In alignment with the Americans with Disabilities Act and Section 504 of the Rehabilitation Act, the department of Classroom Services ensures equal access to university curriculum, programs, and facilities for students with disabilities by facilitating reasonable accommodations, providing support services, and collaborating with the greater community to meet students’ individual needs.

Classroom Services can help students:

  • Obtain accommodations and access to information, materials, and the campus
  • Manage disability-related challenges
  • Create strategies for learning based on their unique style, strengths and limitations
  • Become their own advocate to successfully interact with their instructors and peers
  • Find qualified professionals for educational testing or personal concerns

As part of the Academy Resource Center (ARC), we offer regularly scheduled individualized academic coaching.

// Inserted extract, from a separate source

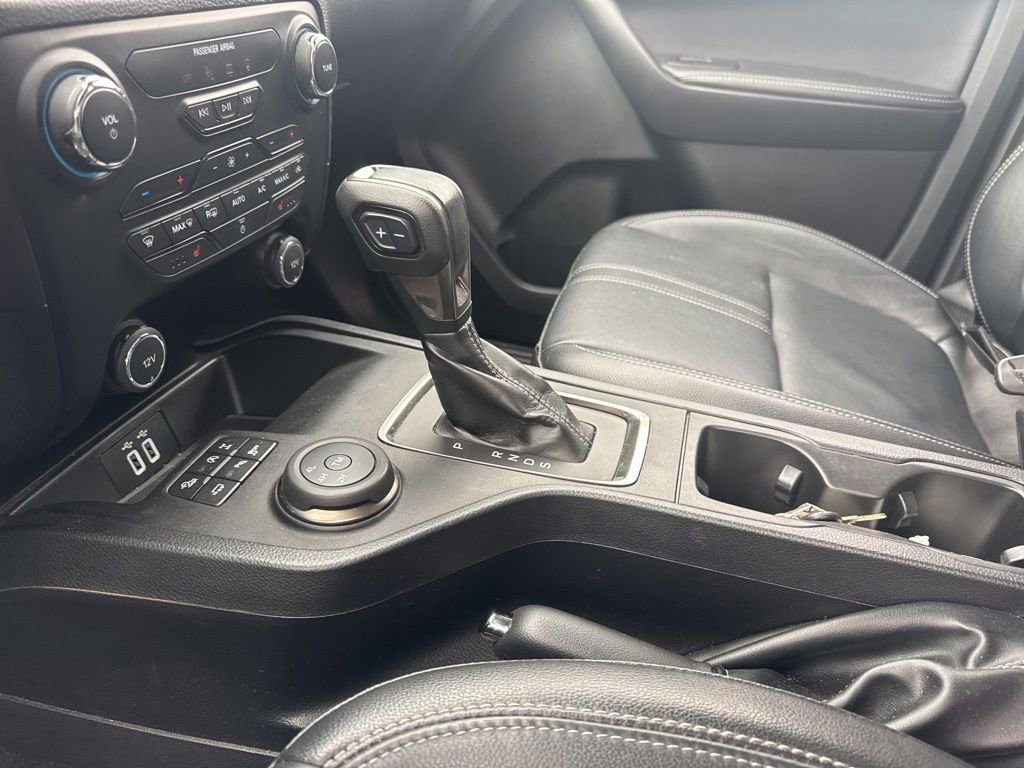 Certified 2019 Ford Ranger Lariat w/ Black Appearance Package image 16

Accessibility FAQ for Online Teachers

A disability, under federal law, is a physical or mental impairment that substantially limits one or more of a person's major life activities. A disability could be apparent, such as a mobility impairment or Deafness, or may not be obvious, such as a learning disability.

Disability Types and Common Impacts

Disability Type

Impact on Student

Impact on Learning

Visual Disability

Blindness, low vision, color-blindness

Relying more on clear audio, easy to read and bold fonts, etc.

Hearing Disability


Relying on all audio to have captioning, interpreting services for certain

Cognitive Disability

Learning disabilities, distractibility, inability to remember or focus on large amounts of information

Needing a distraction-free, quiet space to work on computer. Benefiting from a structured schedule and time management guidance

Physical Disability

Inability to use a mouse, slow response time, limited fine motor control

Unable to complete assignments in a timely manner. Needing extended time to take tests/assignments. Needing to find alternate ways to access computer/equipment due to physical limitations.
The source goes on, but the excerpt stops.